Robin looked over at Little John, and gave a tiny nod.

And I ducked.

A fist like a granite boulder whistled over my head, its massive flight ruffling my blond hair, and I turned to look at Little John in alarm.

‘Stand still, Alan. It’s got to look authentic,’ said John, frowning. ‘Unless you’d rather have a flesh wound?’

‘We could always do that,’ said Robin, drawing his sword. My lord was enjoying this — the steel-eyed bastard.

‘All right, all right.’ I braced my feet, clamped my mouth shut and closed my eyes.

Are you ready?’ said John.

‘Yes — just get on with it,’ I said through gritted teeth.

The blow, when it came, was like a whack in the face from a well-swung mallet. I was knocked up and backwards, and landed with a winding thump on the horse-churned grass of the clearing. A moment’s deep blackness, then bright-red sparks shooting through my skull. When I opened my eyes, Robin was standing over me, his face full of concern.

I sat up groggily, and spat out a fragment of tooth. I could feel blood running down either side of my mouth from my smashed nose. I saw that my hands were trembling as I gently felt my squashed hooter. By the wiggle at the bridge, I knew it was broken.

Little John came over to me, leading Ghost.

‘Can you sit a horse?’ asked Robin, helping me to my unsteady feet.

‘Course he can,’ said Little John, handing me the reins. ‘Christ’s crusted bum-crack, the boy’s no weakling. And I only gave him a gentle tap. He’ll be fine.’

My head spinning, my face dripping gore, I climbed wearily up on to Ghost’s back.

‘I’ll pay you back for that one day,’ I mumbled to John, before nodding painfully at Robin and guiding Ghost out of the clearing and back on to the road to Nottingham.

It took me half a day to ride back to the castle: my head was splitting, my mouth and nose throbbing with pain.
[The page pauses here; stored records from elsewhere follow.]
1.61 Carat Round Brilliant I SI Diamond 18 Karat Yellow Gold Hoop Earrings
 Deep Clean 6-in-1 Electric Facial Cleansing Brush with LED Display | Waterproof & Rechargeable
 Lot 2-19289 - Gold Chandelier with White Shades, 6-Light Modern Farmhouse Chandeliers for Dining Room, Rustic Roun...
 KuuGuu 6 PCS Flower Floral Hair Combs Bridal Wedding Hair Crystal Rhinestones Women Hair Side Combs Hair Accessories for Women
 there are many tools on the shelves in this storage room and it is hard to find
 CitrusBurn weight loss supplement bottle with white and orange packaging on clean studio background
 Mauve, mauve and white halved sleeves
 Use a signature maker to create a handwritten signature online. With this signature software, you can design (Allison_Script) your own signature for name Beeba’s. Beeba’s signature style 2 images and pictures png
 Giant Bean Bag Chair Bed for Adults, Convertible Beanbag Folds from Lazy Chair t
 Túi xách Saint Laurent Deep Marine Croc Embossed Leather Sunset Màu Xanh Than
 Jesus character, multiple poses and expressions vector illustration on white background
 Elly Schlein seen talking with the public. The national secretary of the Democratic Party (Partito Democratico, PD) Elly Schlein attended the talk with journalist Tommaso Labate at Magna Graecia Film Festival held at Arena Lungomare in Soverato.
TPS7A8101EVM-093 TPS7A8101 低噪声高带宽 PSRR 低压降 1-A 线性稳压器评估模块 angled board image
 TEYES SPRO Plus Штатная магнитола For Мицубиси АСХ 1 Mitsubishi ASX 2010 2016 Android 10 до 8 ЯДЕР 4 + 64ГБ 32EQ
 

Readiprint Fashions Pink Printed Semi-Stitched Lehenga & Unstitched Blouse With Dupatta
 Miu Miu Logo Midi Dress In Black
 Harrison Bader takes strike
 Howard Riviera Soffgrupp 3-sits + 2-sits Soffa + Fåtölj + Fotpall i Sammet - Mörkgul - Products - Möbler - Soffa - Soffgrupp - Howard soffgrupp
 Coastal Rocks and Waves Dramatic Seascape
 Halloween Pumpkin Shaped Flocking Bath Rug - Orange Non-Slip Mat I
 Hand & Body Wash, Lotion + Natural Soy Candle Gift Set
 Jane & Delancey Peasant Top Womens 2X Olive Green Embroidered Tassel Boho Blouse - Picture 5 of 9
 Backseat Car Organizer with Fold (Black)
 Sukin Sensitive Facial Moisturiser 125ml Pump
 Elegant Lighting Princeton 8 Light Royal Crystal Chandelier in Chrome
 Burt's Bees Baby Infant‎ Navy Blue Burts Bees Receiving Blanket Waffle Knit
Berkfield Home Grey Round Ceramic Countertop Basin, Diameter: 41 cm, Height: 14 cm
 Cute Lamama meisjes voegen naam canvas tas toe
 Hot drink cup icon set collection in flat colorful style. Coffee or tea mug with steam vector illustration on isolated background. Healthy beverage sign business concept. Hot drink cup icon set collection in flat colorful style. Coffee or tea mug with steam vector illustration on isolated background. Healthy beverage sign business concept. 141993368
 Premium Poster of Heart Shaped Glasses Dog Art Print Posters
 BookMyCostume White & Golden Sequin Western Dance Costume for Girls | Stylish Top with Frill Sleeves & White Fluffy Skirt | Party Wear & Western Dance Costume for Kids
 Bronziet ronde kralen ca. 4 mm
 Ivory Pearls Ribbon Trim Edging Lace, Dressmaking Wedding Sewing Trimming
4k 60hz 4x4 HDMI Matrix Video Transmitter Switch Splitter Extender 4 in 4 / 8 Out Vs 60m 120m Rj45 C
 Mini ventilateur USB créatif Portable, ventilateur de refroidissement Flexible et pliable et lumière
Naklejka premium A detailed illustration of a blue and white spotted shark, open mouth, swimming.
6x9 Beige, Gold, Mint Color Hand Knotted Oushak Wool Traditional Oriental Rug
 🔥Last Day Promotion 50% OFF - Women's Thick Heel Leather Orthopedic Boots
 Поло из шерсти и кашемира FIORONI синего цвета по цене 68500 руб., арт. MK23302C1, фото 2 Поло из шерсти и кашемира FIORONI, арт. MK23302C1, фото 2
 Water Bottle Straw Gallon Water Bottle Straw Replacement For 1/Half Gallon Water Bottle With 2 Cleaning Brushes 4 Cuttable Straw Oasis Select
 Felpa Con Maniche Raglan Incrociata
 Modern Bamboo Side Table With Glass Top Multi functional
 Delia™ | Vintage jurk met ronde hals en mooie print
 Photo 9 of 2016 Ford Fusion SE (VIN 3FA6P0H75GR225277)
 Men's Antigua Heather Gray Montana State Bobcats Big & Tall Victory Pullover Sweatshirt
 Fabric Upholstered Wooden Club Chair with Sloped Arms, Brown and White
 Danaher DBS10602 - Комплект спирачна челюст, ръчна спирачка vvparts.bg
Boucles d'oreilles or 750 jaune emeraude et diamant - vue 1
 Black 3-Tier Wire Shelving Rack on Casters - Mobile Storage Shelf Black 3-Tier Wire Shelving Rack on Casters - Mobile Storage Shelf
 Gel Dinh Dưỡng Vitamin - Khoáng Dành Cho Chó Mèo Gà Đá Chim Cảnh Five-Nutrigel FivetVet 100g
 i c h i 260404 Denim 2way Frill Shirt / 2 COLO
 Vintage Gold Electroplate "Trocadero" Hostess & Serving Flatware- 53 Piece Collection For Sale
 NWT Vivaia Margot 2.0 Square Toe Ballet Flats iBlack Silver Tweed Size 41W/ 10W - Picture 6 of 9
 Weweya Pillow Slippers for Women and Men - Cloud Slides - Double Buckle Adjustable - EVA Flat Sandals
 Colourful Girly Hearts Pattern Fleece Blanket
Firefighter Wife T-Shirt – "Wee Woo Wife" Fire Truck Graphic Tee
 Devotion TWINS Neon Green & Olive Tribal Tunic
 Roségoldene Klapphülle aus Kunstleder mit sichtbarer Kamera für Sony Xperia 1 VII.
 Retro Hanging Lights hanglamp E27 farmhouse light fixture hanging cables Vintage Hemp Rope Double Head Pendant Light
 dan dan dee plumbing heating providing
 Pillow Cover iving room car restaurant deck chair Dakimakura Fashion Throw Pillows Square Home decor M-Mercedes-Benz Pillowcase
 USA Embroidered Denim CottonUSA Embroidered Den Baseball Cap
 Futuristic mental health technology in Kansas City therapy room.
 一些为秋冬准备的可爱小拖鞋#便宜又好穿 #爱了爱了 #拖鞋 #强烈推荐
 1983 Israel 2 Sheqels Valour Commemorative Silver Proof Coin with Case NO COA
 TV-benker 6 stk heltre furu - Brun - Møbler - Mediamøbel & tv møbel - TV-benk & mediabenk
I amused myself on the ride back by thinking of ways I could revenge myself on Little John — nothing dreadful, I mused, but it’d be good to get my own back on the big lug.

It was dusk when I rode through the wooden gates of the outer bailey and up the rough road to the stone walls of the castle. I did not bother to wash before reporting to Sir Ralph that catastrophe had occurred to his Tickhill silver convoy. I figured that a bloody visage might speak volumes in my defence. And so, with the skin on my face cracked with dried blood, and my nose and mouth swollen and still smarting badly, I entered the great hall in the middle bailey to make my dolorous report in person to the Constable of Nottingham Castle.

Murdac was not alone: while I had been away Prince John had returned to his strongest English fortress, and as I walked over to his throne, I felt an air of something not quite right stir the hairs on the back of my neck.

I bowed to the Prince, and nodded at Sir Ralph Murdac, who as usual was standing hunch-shouldered close beside his master. On the other side of the royal chair was a third man: Sir Aymeric de St Maur, the Templar knight. Interesting, I thought to myself — the Templars are siding openly with Prince John. And then I pushed the thought aside and began my report on the robbery of the silver wagon train by the notorious outlaw Robin Hood and my fictional role in its heroic but unsuccessful defence.